The Adult Education Academy is geared towards master’s and PhD students. Students will come from diverse disciplines and specialisations, including education, adult education, human resource management, education and training, teaching adults and young people, social inclusion and change, as well as public policy.
Participants will discuss theories and approaches to be used for analysing European and international lifelong learning strategies. Furthermore, the programme features direct interactions with key European stakeholders in lifelong learning and with lifelong learning practitioners, especially from the local adult and continuing education context of Würzburg. The interaction will lead to a critical analysis and to a comparison of lifelong learning strategies, as well as to a theory-practice reflection on international policies in lifelong learning. A further activity will be the comparison of subtopics of lifelong learning in selected European countries. In small international project groups (four to six students and one professor), students will represent their home countries and compare their national approaches towards realizing lifelong learning.

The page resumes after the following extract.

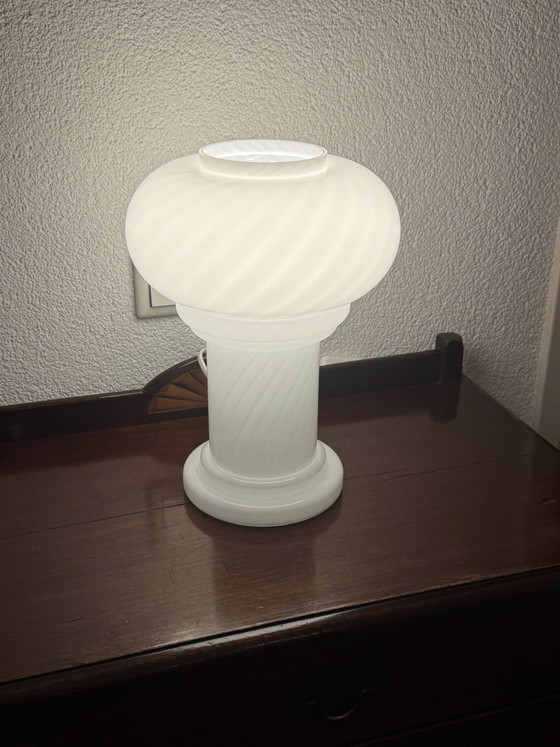 ✨ Vintage Murano Table Lamp | Mushroom Swirl | Lattimo | 1960s–70s | Mint Condition – Glass (photo 6 of 15)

After completing the Adult Education Academy, students will be able to critically assess international policies in lifelong learning, their influence on national policies, and their impact on educational practice. They will be able to compare the impact of international strategies of learning in different European countries and to interpret the specifics of lifelong learning in their home countries. They will have improved their English language skills, gained experiences in international working groups, and begun to build an international network of fellow students, international lifelong learning experts, international associations, and German practice institutions in adult education.